当たり前ですが、上達スピードは人それぞれ。
子どもは、キッカケがあれば驚異的に成長することもあります。
習い事については”見守ること”は最も大切な親の役割の一つだと思います。

ではクラブの役割はどうかなのか。

信じて見守っていただいている保護者に対して、価値を提供しなければいけないなと感じます。

1.サッカーを楽しむ雰囲気を作る

子どもは素直です。
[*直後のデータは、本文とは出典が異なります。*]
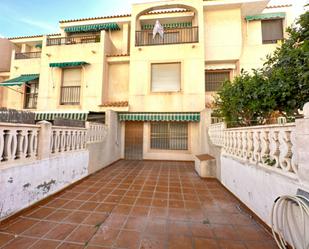 Vista exterior de Casa o xalet en venda en Guardamar del Segura amb Terrassa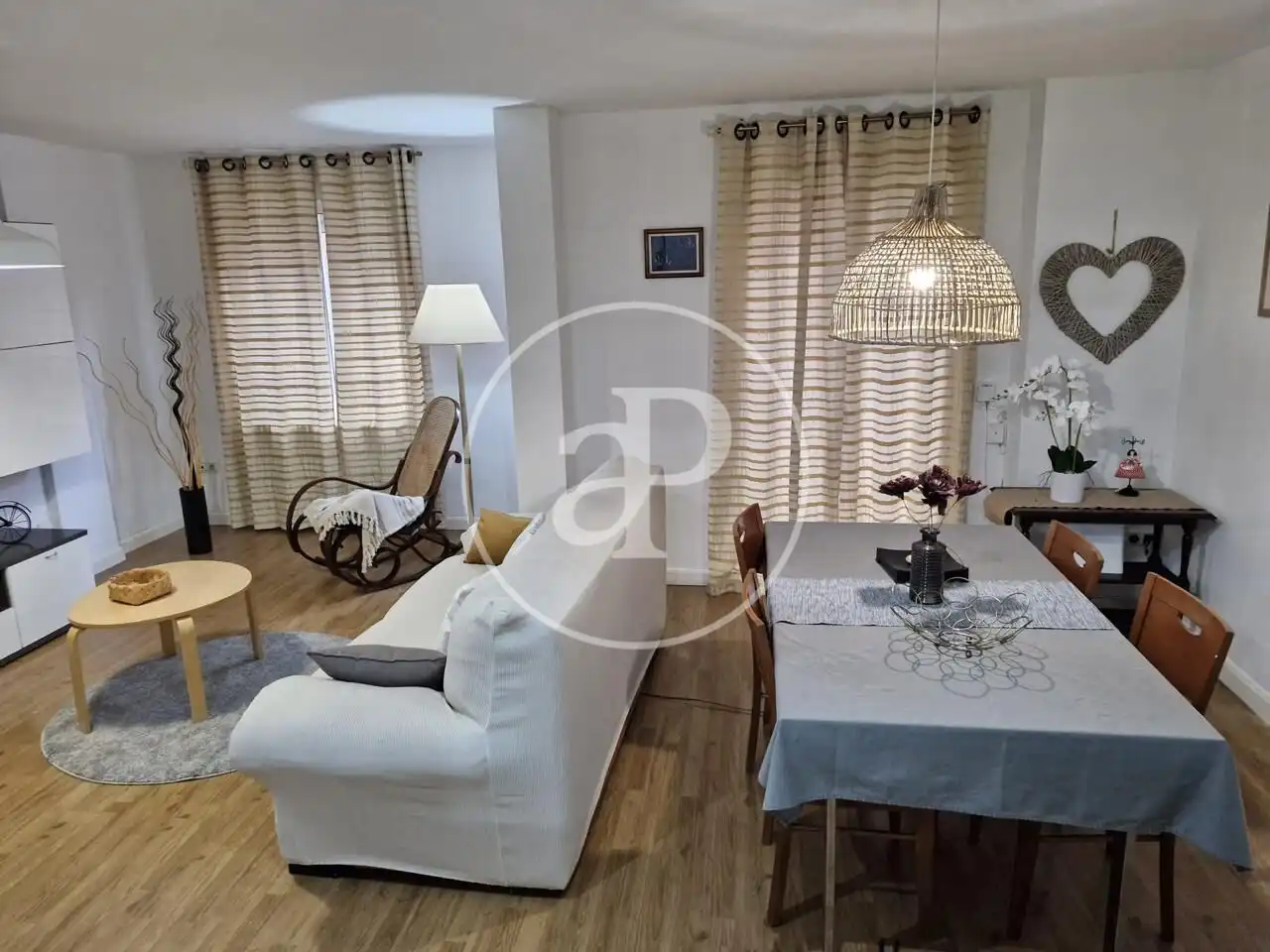 Sala d'estar de Pis de lloguer en Valencia amb Aire condicionat, Calefacció i Moblat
技術の差をそのまま口にすることも多いです。
でも、サッカーの素晴らしい所の一つに「ピッチに立ったら皆平等」という概念がある、と思っています。
チームでマイナスがプラスになるよう補い合い、全員で勝利を目指す、その楽しさを経験できるよう指導することがクラブの役割だと思います。
あいつは下手だ、同じチームに入れたくない、そんな言葉を口にする子がいたら、サッカーの楽しさを知らずに損をしています。すぐに教えてあげて下さい。

2.育成世代はプロではない

サッカーは勝ちを目指すものです。ですが、プロ選手が目指す勝ちと、子ども達が目指す勝ちは異なります。技術的にチームの足を引っ張っても責めることはないと思っています。チームでボールを追いかけ、必死にゴールを目指す瞬間を味わい、その記憶を共有することが、素敵な未来を作ると思います。子ども達に無理をさせることは決してあってはならず、大人になってどんな楽しい記憶を残しているのかを意識することが大切だと考えています。

3.サッカーの時間を好きになってもらう

サッカーコーチをしていた時、サッカーを始めたばかりの4歳の子が「クワガタムシ!」と言って私にクワガタを見せてくれました。
練習中でも、あらぬ方向へ走り出すことも多く、サッカーはまるでやれていないことが多い子でした。
「凄いね。かっこいいクワガタだね。」
まずは、その子の気持ちを受け入れることにしました。
今まで見たこともない笑顔だったから。
驚いたのは、ほかのチームメイト、とりわけ3~4年の中学年の子たちが「凄いね!」と私と同じ声をかけてくれたことです。
それから4歳のその子は、時折ですが、笑顔でボールを追っかけたり、必死にシュートを打とうと頑張ったり、サッカーに対する姿勢が変わりました。
私がコーチを辞めた後、現在は同学年チームのキャプテンをやっているそうです。
今回は幼児の例を紹介しましたが、小学生でも当てはまることだと思います。
サッカーを習っている時間を、
”教えられている”と思うか”楽しんでいる”と思うかは
紙一重だと思います。
サッカーをしに来ているその時間を「また来たい!」と思ってもらえるように考えること。
それは甘やかしているのでは?と思うかもしれませんが、
辛いことも楽しさが勝れば乗り越えられることを伝えるチャンスだと思います。

子どもは、まだ発達段階です。
すぐに結果を求めたくなりますが、結果より笑顔に目を向けることが、
保護者にもコーチにも必要だと考えています。

子どもを信じる力が子どもを成長させます。

信じていきましょう!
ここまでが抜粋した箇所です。